(PROBLEM TO WORK ON) A letter-for-letter copy of the listing is required, with no pictures in it.

(SUPPLIED INFORMATION)
----------

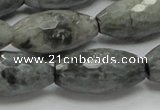 CEE32 15.5 inches 15*30mm faceted rice eagle eye jasper beads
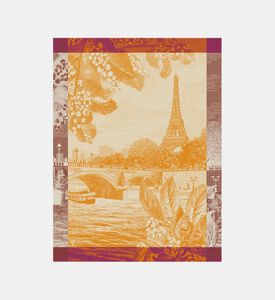 Jacquard Paris Sur Seine Cotton Tea Towel, Orange, Packshot View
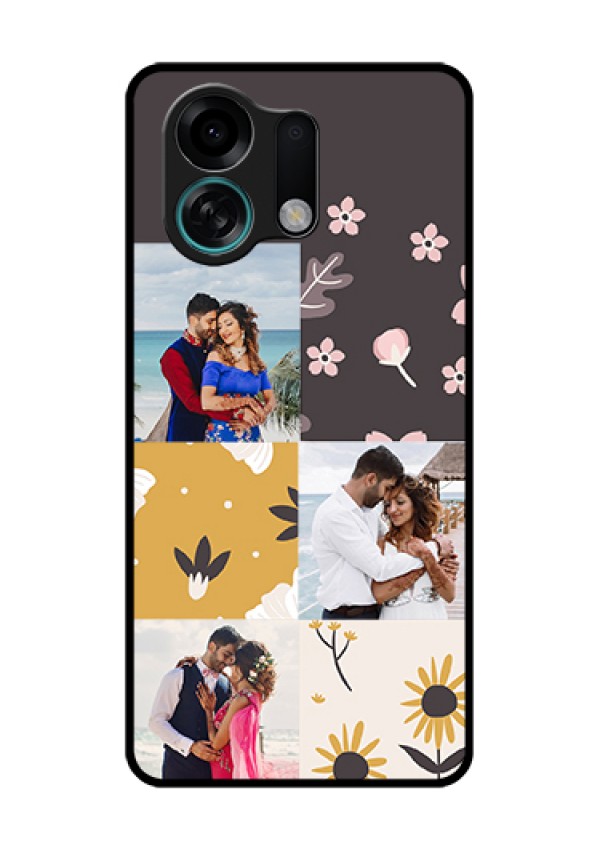 Oppo K13 Turbo Pro 5G Custom Glass Phone Case - 3 Images With Floral Design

----------

(EXERCISE RESPONSE)
 CEE32 15.5 inches 15*30mm faceted rice eagle eye jasper beads
 Jacquard Paris Sur Seine Cotton Tea Towel, Orange, Packshot View
 Oppo K13 Turbo Pro 5G Custom Glass Phone Case - 3 Images With Floral Design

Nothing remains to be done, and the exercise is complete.